* _DATA TO EXAMINE_:
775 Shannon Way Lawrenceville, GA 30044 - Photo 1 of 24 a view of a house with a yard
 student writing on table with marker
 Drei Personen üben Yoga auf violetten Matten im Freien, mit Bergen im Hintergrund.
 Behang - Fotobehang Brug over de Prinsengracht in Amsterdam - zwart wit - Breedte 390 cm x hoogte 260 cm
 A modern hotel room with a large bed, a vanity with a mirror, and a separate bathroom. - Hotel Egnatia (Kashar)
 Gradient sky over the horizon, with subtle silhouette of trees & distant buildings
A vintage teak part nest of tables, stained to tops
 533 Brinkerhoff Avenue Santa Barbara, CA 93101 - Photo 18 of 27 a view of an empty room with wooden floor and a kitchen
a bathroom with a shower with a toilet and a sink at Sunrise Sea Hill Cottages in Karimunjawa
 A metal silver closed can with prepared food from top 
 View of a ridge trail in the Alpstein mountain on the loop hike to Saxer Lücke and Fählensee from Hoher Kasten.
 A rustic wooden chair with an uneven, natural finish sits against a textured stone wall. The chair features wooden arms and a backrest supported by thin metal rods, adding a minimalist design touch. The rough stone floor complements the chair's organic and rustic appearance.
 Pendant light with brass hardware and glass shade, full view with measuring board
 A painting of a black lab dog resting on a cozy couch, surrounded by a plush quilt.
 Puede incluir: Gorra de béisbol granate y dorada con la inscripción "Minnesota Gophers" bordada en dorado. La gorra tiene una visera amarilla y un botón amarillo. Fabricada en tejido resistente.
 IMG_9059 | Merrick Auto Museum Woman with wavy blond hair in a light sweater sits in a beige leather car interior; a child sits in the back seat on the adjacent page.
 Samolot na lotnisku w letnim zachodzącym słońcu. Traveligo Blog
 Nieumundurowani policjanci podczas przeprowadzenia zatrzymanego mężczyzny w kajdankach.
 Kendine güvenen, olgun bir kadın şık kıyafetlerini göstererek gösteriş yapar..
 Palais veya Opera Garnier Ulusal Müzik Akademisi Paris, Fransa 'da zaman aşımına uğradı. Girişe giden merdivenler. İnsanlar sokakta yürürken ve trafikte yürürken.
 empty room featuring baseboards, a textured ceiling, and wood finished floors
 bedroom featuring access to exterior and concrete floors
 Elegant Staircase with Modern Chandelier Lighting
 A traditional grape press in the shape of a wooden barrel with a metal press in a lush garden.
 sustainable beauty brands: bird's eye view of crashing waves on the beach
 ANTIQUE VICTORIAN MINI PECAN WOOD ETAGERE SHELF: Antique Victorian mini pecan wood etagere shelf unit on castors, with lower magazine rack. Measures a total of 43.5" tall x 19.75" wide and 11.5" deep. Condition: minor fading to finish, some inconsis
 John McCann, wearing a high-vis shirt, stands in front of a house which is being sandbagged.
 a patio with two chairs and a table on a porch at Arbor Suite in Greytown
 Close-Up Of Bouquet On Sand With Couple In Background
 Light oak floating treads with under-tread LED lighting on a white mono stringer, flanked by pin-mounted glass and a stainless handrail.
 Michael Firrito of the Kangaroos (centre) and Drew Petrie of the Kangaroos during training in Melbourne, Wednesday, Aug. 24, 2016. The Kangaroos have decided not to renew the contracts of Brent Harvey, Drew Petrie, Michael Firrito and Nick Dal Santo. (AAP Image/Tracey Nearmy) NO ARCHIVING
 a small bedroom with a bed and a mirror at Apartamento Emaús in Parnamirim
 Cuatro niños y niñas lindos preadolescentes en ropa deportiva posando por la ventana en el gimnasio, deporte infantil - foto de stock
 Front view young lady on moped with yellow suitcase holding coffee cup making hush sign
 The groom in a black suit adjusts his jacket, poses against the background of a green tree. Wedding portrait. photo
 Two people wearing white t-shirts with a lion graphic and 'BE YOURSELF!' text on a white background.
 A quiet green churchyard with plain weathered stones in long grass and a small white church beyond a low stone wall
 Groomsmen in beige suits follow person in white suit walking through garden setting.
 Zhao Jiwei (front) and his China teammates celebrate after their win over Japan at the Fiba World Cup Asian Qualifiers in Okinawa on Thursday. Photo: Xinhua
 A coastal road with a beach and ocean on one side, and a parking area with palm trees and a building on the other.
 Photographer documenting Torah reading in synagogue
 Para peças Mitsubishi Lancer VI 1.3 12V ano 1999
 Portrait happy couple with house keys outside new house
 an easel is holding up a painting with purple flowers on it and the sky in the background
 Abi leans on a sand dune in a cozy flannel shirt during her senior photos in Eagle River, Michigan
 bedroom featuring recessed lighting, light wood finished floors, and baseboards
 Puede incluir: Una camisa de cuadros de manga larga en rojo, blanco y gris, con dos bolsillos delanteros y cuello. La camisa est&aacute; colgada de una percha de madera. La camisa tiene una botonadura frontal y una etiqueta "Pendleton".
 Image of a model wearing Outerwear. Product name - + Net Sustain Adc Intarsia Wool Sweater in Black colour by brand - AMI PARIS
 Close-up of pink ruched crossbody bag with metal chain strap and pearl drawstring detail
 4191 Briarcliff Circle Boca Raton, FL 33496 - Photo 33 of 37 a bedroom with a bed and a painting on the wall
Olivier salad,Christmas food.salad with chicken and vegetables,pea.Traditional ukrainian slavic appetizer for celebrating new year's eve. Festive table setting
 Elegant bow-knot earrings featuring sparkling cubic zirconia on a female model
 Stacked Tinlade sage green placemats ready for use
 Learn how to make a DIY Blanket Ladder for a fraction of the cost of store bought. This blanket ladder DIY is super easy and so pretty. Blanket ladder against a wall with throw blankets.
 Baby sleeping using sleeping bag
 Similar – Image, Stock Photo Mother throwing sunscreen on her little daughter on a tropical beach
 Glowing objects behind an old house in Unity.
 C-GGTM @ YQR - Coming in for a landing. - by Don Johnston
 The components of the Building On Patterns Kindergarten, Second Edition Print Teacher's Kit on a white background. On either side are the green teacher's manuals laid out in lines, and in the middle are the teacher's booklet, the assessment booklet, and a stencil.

* _ACTIVITY_: Copy out only the lines above from the one with "sustainable beauty brands: bird's" to the one with "ANTIQUE VICTORIAN MINI PECAN WOOD ETAGERE SHELF: Antique", inclusive, exactly as they stand.

* _RESPONSE TO THIS EXERCISE_:
 sustainable beauty brands: bird's eye view of crashing waves on the beach
 ANTIQUE VICTORIAN MINI PECAN WOOD ETAGERE SHELF: Antique Victorian mini pecan wood etagere shelf unit on castors, with lower magazine rack. Measures a total of 43.5" tall x 19.75" wide and 11.5" deep. Condition: minor fading to finish, some inconsis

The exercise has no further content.